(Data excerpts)
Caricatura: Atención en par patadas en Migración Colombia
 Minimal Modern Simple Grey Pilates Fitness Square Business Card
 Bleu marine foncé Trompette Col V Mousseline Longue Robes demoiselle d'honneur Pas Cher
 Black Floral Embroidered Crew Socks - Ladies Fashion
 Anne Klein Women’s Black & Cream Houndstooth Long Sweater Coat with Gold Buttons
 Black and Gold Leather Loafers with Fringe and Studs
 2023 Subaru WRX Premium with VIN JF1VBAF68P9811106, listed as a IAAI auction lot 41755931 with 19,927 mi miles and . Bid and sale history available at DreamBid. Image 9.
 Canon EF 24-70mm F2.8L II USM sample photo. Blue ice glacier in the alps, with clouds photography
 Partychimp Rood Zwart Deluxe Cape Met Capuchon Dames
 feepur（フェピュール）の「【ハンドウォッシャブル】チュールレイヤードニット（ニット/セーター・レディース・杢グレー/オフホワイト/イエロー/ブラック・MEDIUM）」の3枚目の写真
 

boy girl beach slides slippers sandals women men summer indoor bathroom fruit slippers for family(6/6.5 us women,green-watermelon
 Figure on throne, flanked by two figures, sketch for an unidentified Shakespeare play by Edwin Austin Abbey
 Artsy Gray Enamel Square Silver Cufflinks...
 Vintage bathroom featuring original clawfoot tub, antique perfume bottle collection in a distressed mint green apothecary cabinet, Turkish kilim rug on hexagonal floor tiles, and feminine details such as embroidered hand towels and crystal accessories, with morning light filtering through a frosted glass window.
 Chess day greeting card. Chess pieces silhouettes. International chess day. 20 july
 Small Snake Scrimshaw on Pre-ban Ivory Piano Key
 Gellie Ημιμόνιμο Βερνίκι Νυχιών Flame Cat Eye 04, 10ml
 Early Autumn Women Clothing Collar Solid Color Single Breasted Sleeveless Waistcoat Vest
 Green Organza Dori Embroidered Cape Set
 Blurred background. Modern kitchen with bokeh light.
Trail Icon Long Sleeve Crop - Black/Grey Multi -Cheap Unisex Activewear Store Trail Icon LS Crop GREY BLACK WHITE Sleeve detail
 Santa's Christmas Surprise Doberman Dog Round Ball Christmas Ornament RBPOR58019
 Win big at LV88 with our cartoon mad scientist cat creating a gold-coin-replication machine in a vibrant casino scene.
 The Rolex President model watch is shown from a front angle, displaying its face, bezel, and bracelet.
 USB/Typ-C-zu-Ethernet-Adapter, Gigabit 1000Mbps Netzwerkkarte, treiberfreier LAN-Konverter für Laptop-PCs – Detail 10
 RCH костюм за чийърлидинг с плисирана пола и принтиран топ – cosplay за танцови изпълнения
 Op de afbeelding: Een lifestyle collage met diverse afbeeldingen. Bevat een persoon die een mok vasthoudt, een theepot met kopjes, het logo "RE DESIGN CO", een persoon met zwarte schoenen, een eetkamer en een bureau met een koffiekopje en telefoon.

### Work required
Output the complete data verbatim.

### Finished task
Caricatura: Atención en par patadas en Migración Colombia
 Minimal Modern Simple Grey Pilates Fitness Square Business Card
 Bleu marine foncé Trompette Col V Mousseline Longue Robes demoiselle d'honneur Pas Cher
 Black Floral Embroidered Crew Socks - Ladies Fashion
 Anne Klein Women’s Black & Cream Houndstooth Long Sweater Coat with Gold Buttons
 Black and Gold Leather Loafers with Fringe and Studs
 2023 Subaru WRX Premium with VIN JF1VBAF68P9811106, listed as a IAAI auction lot 41755931 with 19,927 mi miles and . Bid and sale history available at DreamBid. Image 9.
 Canon EF 24-70mm F2.8L II USM sample photo. Blue ice glacier in the alps, with clouds photography
 Partychimp Rood Zwart Deluxe Cape Met Capuchon Dames
 feepur（フェピュール）の「【ハンドウォッシャブル】チュールレイヤードニット（ニット/セーター・レディース・杢グレー/オフホワイト/イエロー/ブラック・MEDIUM）」の3枚目の写真
 

boy girl beach slides slippers sandals women men summer indoor bathroom fruit slippers for family(6/6.5 us women,green-watermelon
 Figure on throne, flanked by two figures, sketch for an unidentified Shakespeare play by Edwin Austin Abbey
 Artsy Gray Enamel Square Silver Cufflinks...
 Vintage bathroom featuring original clawfoot tub, antique perfume bottle collection in a distressed mint green apothecary cabinet, Turkish kilim rug on hexagonal floor tiles, and feminine details such as embroidered hand towels and crystal accessories, with morning light filtering through a frosted glass window.
 Chess day greeting card. Chess pieces silhouettes. International chess day. 20 july
 Small Snake Scrimshaw on Pre-ban Ivory Piano Key
 Gellie Ημιμόνιμο Βερνίκι Νυχιών Flame Cat Eye 04, 10ml
 Early Autumn Women Clothing Collar Solid Color Single Breasted Sleeveless Waistcoat Vest
 Green Organza Dori Embroidered Cape Set
 Blurred background. Modern kitchen with bokeh light.
Trail Icon Long Sleeve Crop - Black/Grey Multi -Cheap Unisex Activewear Store Trail Icon LS Crop GREY BLACK WHITE Sleeve detail
 Santa's Christmas Surprise Doberman Dog Round Ball Christmas Ornament RBPOR58019
 Win big at LV88 with our cartoon mad scientist cat creating a gold-coin-replication machine in a vibrant casino scene.
 The Rolex President model watch is shown from a front angle, displaying its face, bezel, and bracelet.
 USB/Typ-C-zu-Ethernet-Adapter, Gigabit 1000Mbps Netzwerkkarte, treiberfreier LAN-Konverter für Laptop-PCs – Detail 10
 RCH костюм за чийърлидинг с плисирана пола и принтиран топ – cosplay за танцови изпълнения
 Op de afbeelding: Een lifestyle collage met diverse afbeeldingen. Bevat een persoon die een mok vasthoudt, een theepot met kopjes, het logo "RE DESIGN CO", een persoon met zwarte schoenen, een eetkamer en een bureau met een koffiekopje en telefoon.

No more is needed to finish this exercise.